Mario Adinolfi, presidente del Popolo della famiglia, è intervenuto ai microfoni della trasmissione “L’Italia s’è desta”, condotta dal direttore Gianluca Fabi, Matteo Torrioli e Daniel Moretti su Radio Cusano Campus, emittente dell’Università Niccolò Cusano.

Le suppletive non sono mai attrattive” ha dichiarato l’ex esponente del Partito Democratico in riferimento alle elezioni suppletive di Roma, dove Roberto Gualtieri ha ottenuto l’accesso al Parlamento in sostituzione di Paolo Gentiloni. “Il risultato di oltre 30mila votanti è significativo, ricordiamoci che a Napoli ha votato meno del 10%. Considerando che faceva freddo, c’era il blocco delle auto, il risultato dell’affluenza non è stato male. Il Pd si conferma nettamente il partito della ztl, la tessera per ztl è la nuova tessera del PD. Il risultato di domenica ha enormi rilievi nazionali. Il 62% è una percentuale irrituale e legata alla forte militanza che il PD ha, ma è indubbio che vincere di 36 punti rispetto all’opzione delle destre, che si sono rintanate nel gruppo di Alleanza Nazionale ed è sembrata una scelta rinunciataria. Sono rimasto sorpreso, pensavo che nei confronti del governo ci fosse astio, ma l’astio è stato pagato tutto dal M5S. Il voto è stata una condanna al M5S di governo e a Virginia Raggi“.

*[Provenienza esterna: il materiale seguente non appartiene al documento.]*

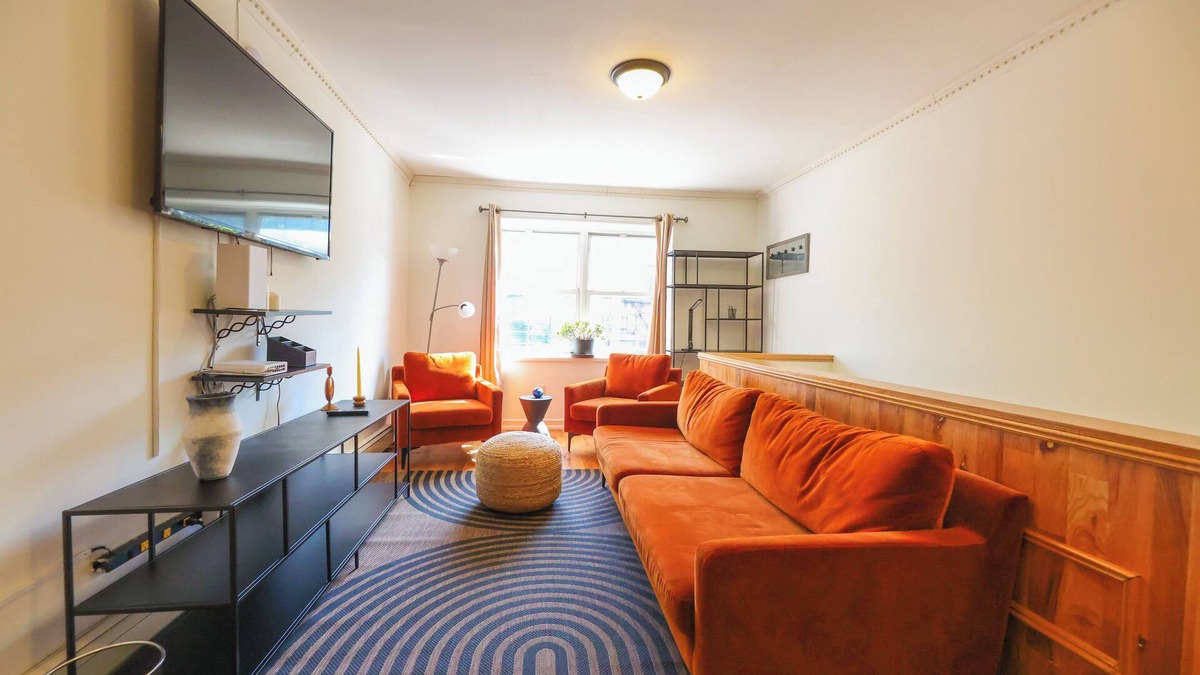 Crown Heights House | The Schenectady House - Unit 2 Executive Room 1-Bedroom/Private Bath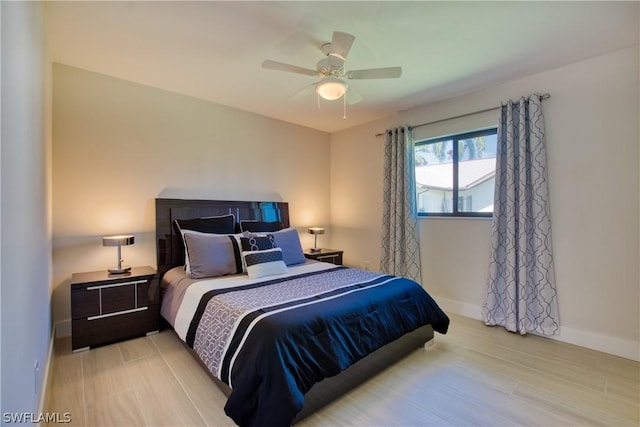 bedroom featuring ceiling fan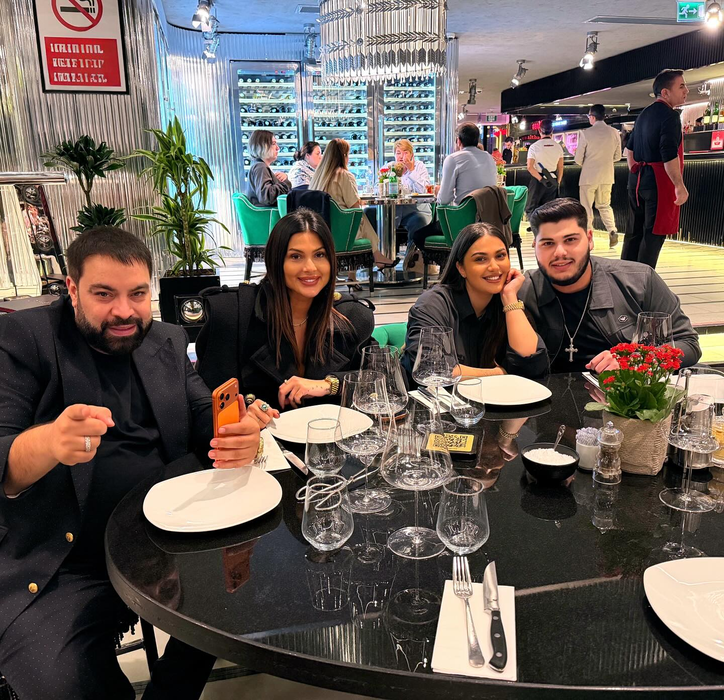 Betty și Roberto petrec mai mult timp cu Florin Salam decât înainte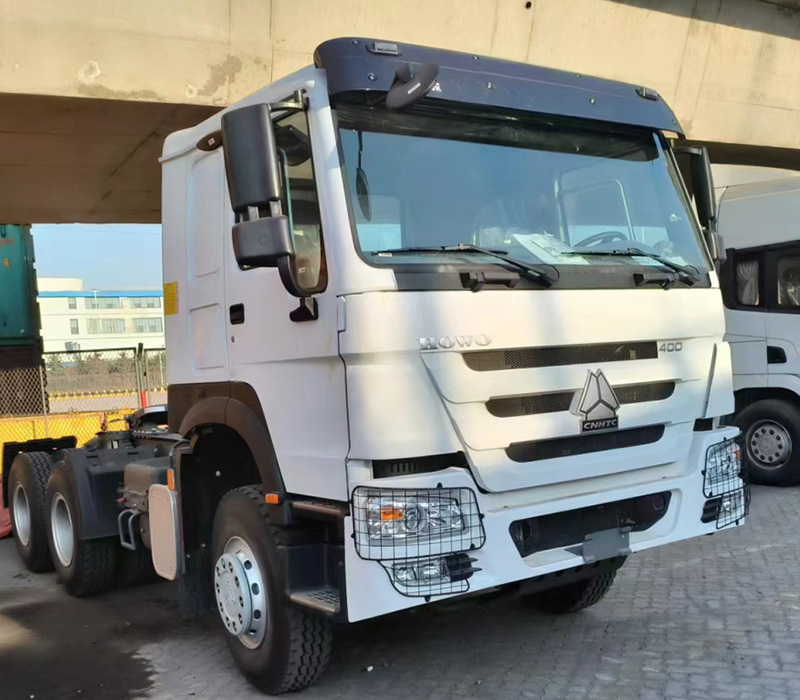 HOWO 6X4 400HP TRACTOR HEAD 1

Giorgia Meloni, presidente di Fratelli d’Italia, partito che ha espresso il candidato del centrodestra per le suppletive, ha commentato così il risultato: “Grazie a Maurizio Leo per lo straordinario impegno che ha profuso in una campagna elettorale molto complessa, in un collegio storicamente difficile per il centrodestra, contro un candidato che per vincere ha dovuto nascondere il simbolo del Pd e ha violato tutte le regole di una competizione leale. Gualtieri è scappato dal confronto con Leo sui programmi ma non ha avuto scrupoli ad usare il suo incarico di ministro dell’Economia per violare la par condicio e rompere il silenzio elettorale. La Raggi e i grillini hanno fatto finta di avere un candidato e il M5S si è confermato, ancora una volta, l’altra faccia del Pd“.